(Exercise data)
# # # # #
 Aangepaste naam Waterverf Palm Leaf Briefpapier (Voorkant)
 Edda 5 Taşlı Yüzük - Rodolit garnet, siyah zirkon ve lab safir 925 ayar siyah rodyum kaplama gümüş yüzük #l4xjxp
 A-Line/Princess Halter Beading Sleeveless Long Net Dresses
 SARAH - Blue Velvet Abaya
# # # # #
(Problem)
What is needed is a word-for-word copy of all the material.

(Written solution)
 Aangepaste naam Waterverf Palm Leaf Briefpapier (Voorkant)
 Edda 5 Taşlı Yüzük - Rodolit garnet, siyah zirkon ve lab safir 925 ayar siyah rodyum kaplama gümüş yüzük #l4xjxp
 A-Line/Princess Halter Beading Sleeveless Long Net Dresses
 SARAH - Blue Velvet Abaya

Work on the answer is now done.